The Survival of the Self
The Survival of the Self is a photographic meditation on resilience. Shaped by the artist’s personal recovery from a rare illness, this body of work delves into what it means to remain intact—physically, emotionally, and spiritually—in the face of rupture.
Through layered self-portraiture and aqueous landscapes, the artist explores the delicate threshold between concealment and revelation. The photographs unfold in a dreamlike visual language shaped by algae, light, water, where the colour shifts into fluid, green and pink surfaces.
The project is inspired in part by Polish singer songwriter Marek Grechuta’s 1971 song “Ocalić od zapomnienia” (“To Save from Oblivion”), a poetic plea to preserve the fleeting. In this context, photography becomes an act of resistance against forgetting—a way to hold on to fading memories, gestures of care, and the shifting sense of self shaped by illness, dislocation, and fragmented memory.

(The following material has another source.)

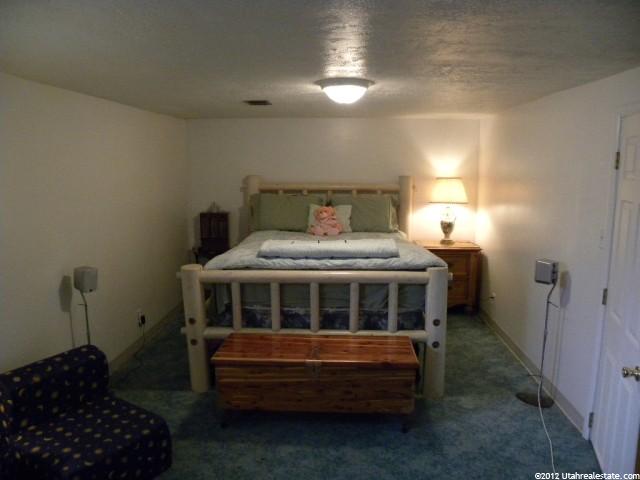 175 N 400 W, Logan, UT 84321 — photo 6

Embedded in the artist’s experience as part of the Polish diaspora in Australia, The Survival of the Self reflects a complex interior world shaped by cultural memory, silence, and the body’s capacity to endure. The act of veiling recurs throughout her work—not as concealment, but as a quiet strategy of transformation. It offers a protective skin, a porous boundary between past and present, absence and presence.
Neither purely autobiographical nor detached, this work inhabits the liminal space where personal history intersects with the collective. It invites the viewer to consider what must be remembered, and what can only survive in fragments.